The result of these trends has been a “coming apart,” as Case and Deaton put it, of day-to-day life for whites without a college degree versus those with a college degree.

Surveys show that a growing number of working-class Americans find it difficult to do basic things, like climb a flight of stairs or socialize, partly because of chronic problems with their mental or physical health. Chronic pain is more widespread. Share of non-Hispanic whites aged 45–54 experiencing neck, back or joint pain.

Given all of these alarming social indicators, it’s not surprising that some other causes of death — in addition to suicide, alcoholism and drug overdose — have also started rising for Americans without a college degree. Heart disease is the most significant, exacerbated by obesity, drinking and drug use.

The combined result is a divergence in the life expectancy of white college graduates and non-graduates. Overall mortality for whites between the ages of 45 and 54 has held roughly steady in the last 25 years. But that average hides a big increase in death rates for non-graduates and a big decline for graduates.

What can be done about all of this?

Many of the solutions are obvious, if difficult to accomplish. The medical system should be overhauled to put a higher priority on health than on wealth for people who work in the industry, Case and Deaton argue. (And that doesn’t necessarily mean a mandatory version of Medicare, they add.)

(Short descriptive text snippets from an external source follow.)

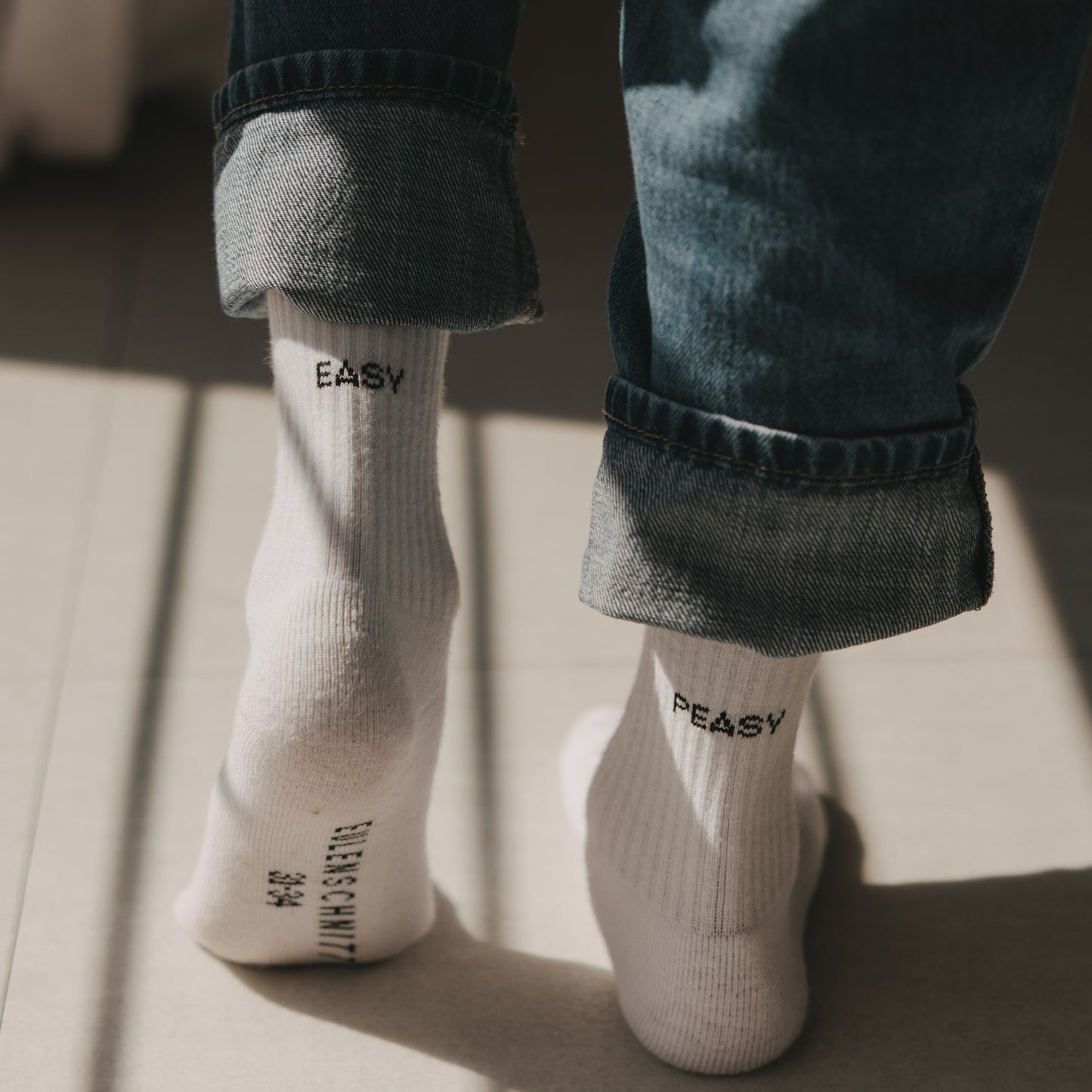 Kids Socken Easy Peasy in Weiß im Sonnenlicht zu blauer Jeans.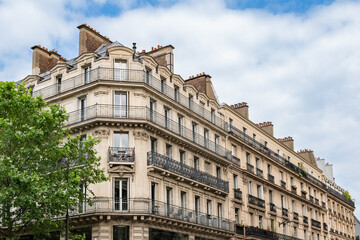 Fototapeta na wymiar Paris, beautiful building avenue de l’Opera, in a luxury area in the center 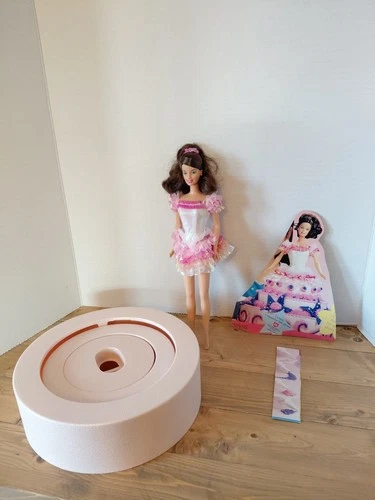 VINTAGE MATTEL 1999 CELEBRATION CAKE BARBIE, TERESA #22904 ~ NO BOX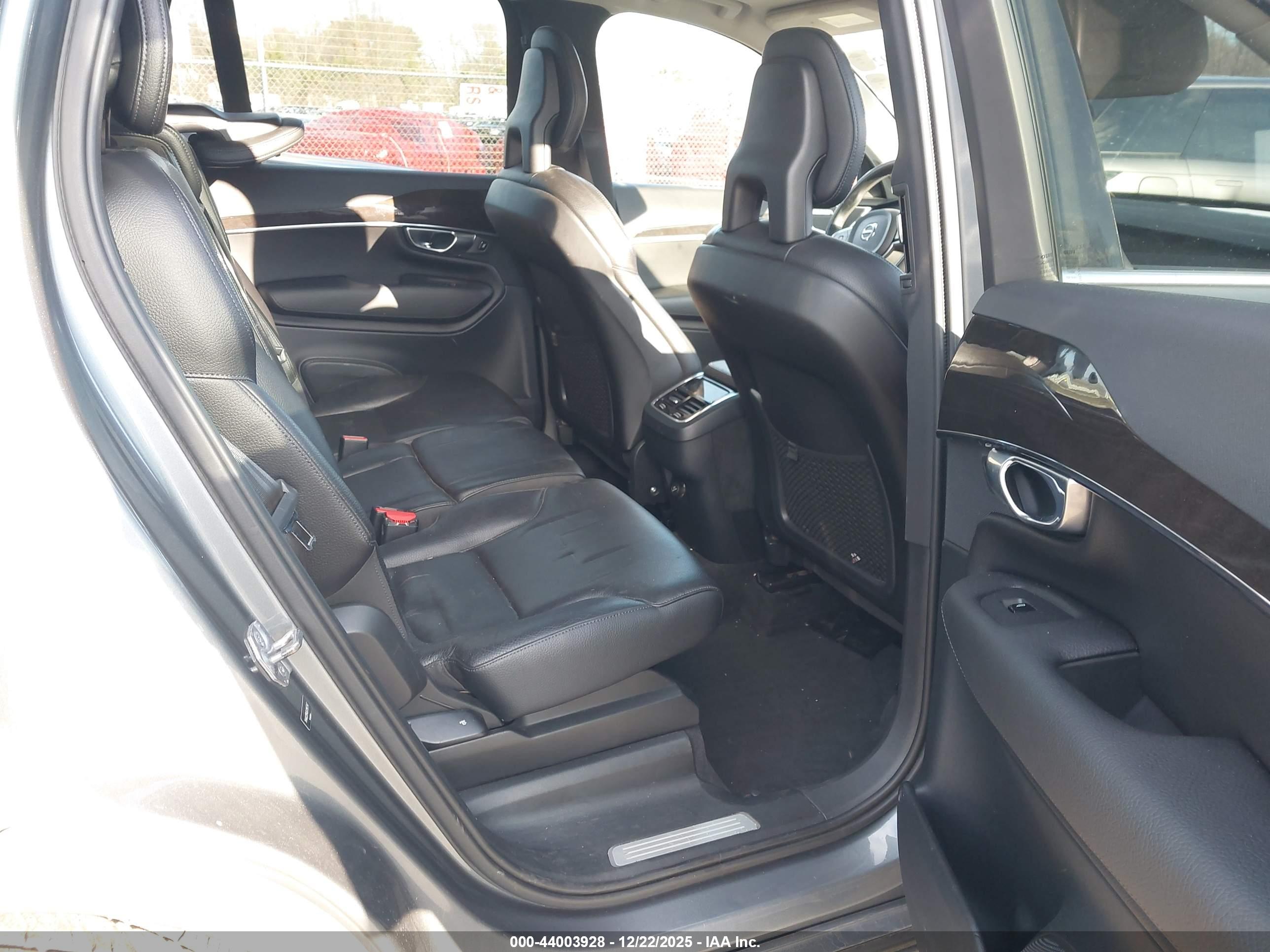 VOLVO XC90 image 8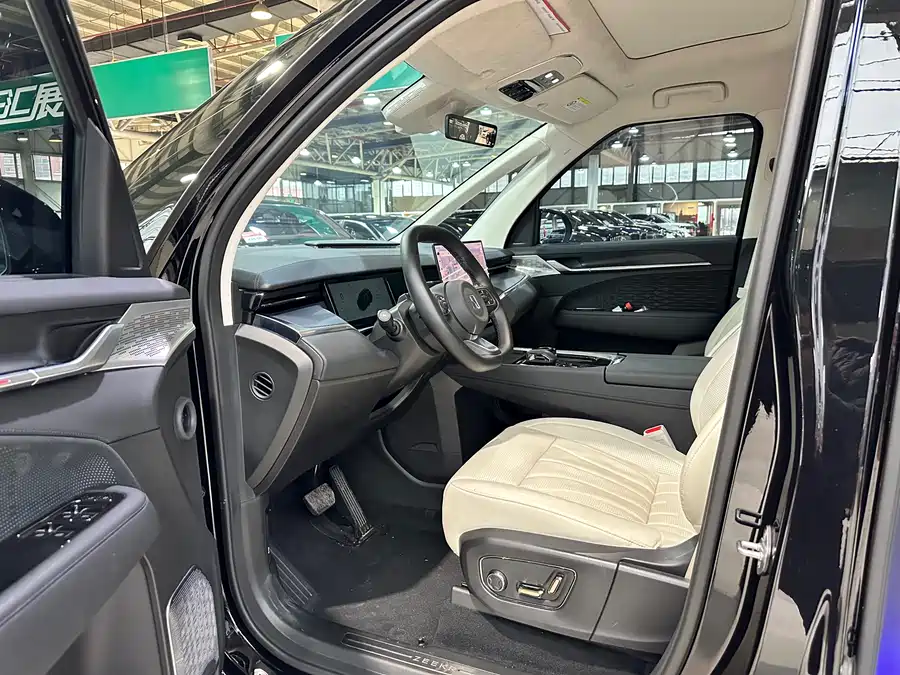 900x675_0_q87_c42_autohomecar__ChxpWGmn95aALI_vAAs_HAxGMrk285.jpg.webp Used Zeekr 009 2024 Model Glory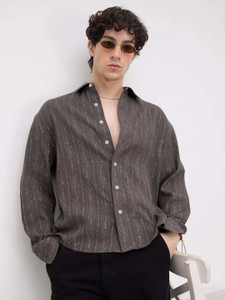 VASTRADO Men Oversized Striped Cut Away Collar Casual Shirt - Image 1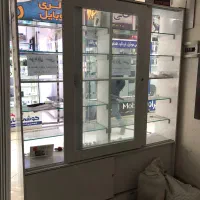 ویترین فروشی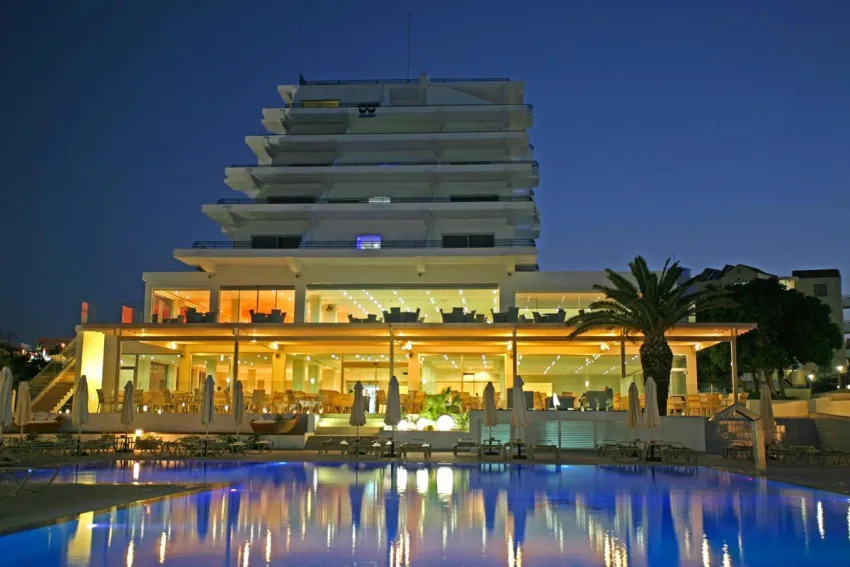 Vrissiana Beach 4*-2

The federal government should do a better job of keeping big business from maximizing profits at the expense of their workers, by enforcing antitrust laws and encouraging new kinds of labor unions. Governments at all levels should help more people earn college degrees, both four-year degrees (like B.A.’s) and meaningful vocational degrees.

Other economic research has found that a college degree isn’t simply a marker. Students who attend and graduate from college do better in life than otherwise similar students who didn’t get the same opportunities.

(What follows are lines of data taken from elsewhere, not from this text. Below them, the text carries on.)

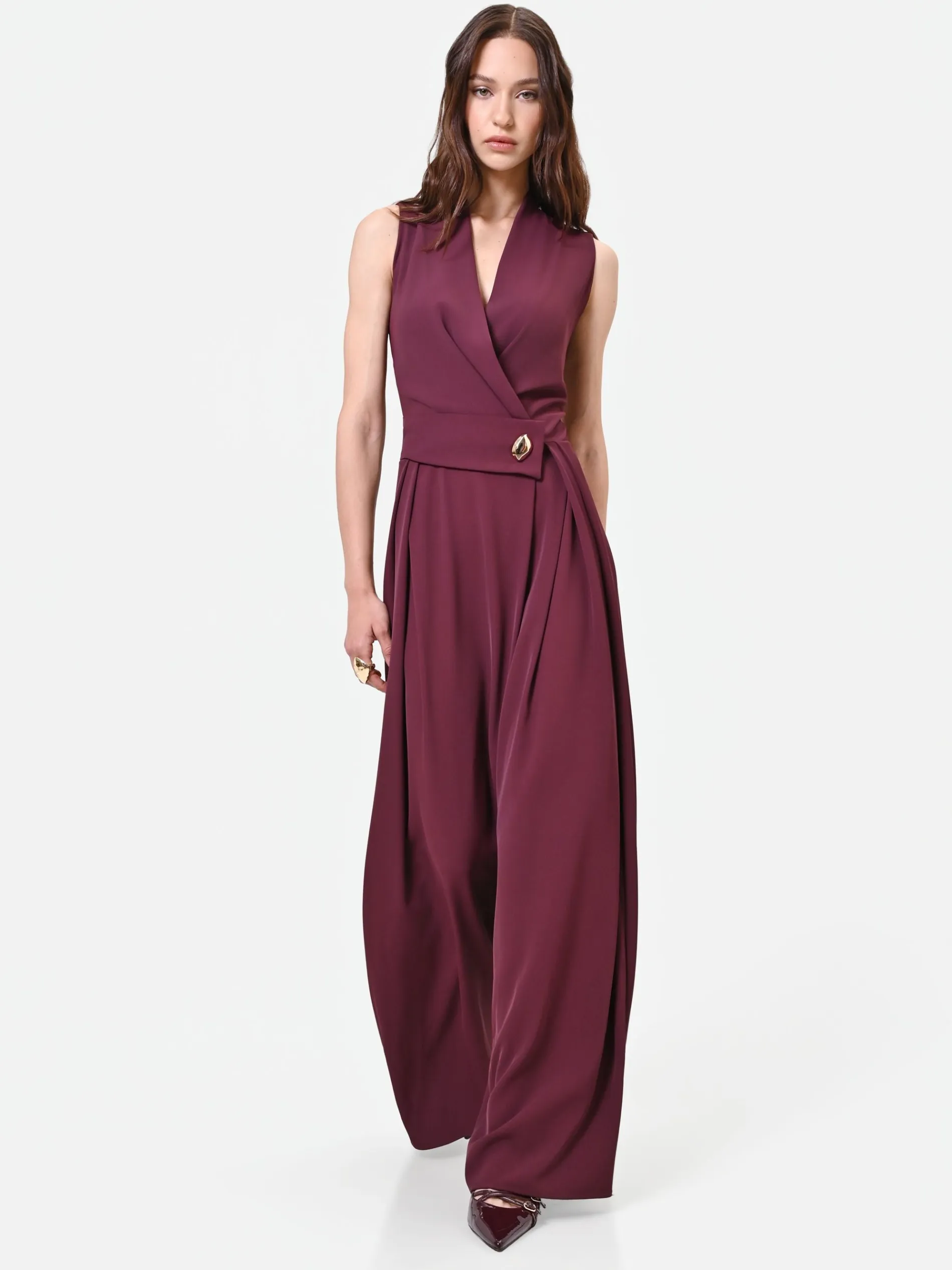 TUTA BORDEAUX FLUIDA CON BOTTONE DESIGN
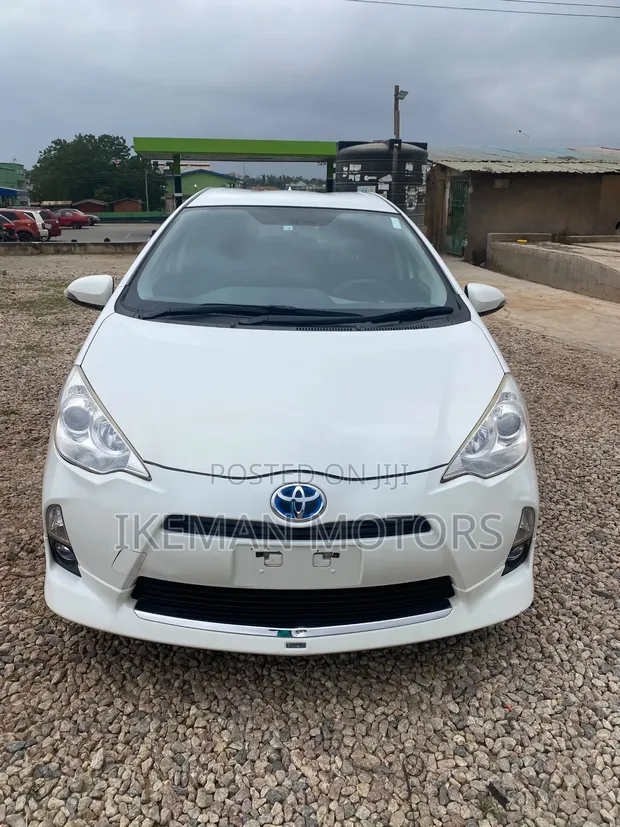 Toyota Aqua 2015 White - 1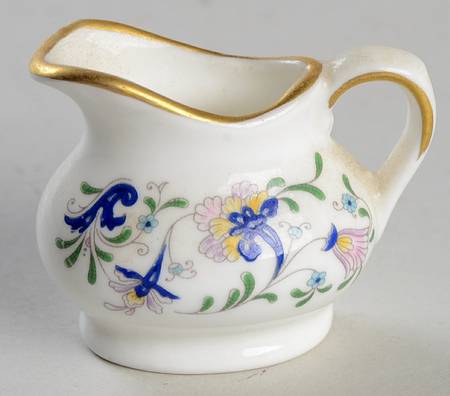 Pageant Toy Creamer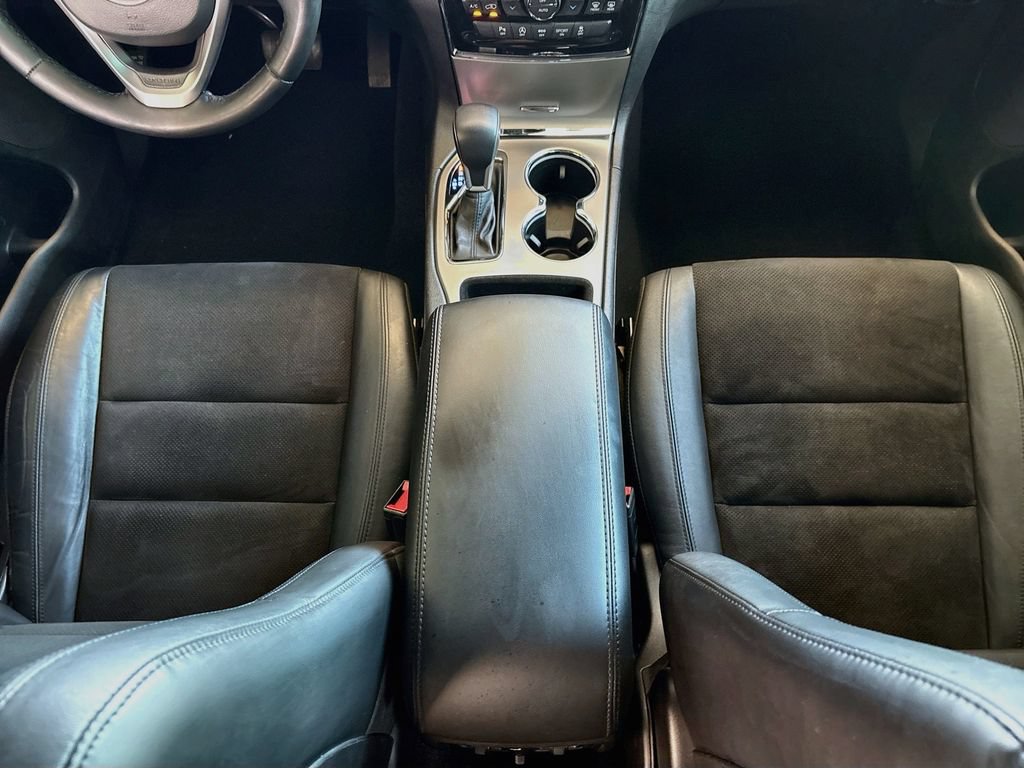 Used 2021 Jeep Grand Cherokee Laredo X RWD image 16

Graduates are more likely to be employed, earn more, marry and stay married, be satisfied with their lives, be healthy and live longer. These findings suggest that college itself — both the classroom learning and the experience of successfully navigating college — brings long-term benefits.

The focus of Case and Deaton’s book isn’t education, but it lingers as the backdrop to all of their findings. “This B.A./non-B.A. divide,” Deaton says, “just comes up again and again and again.”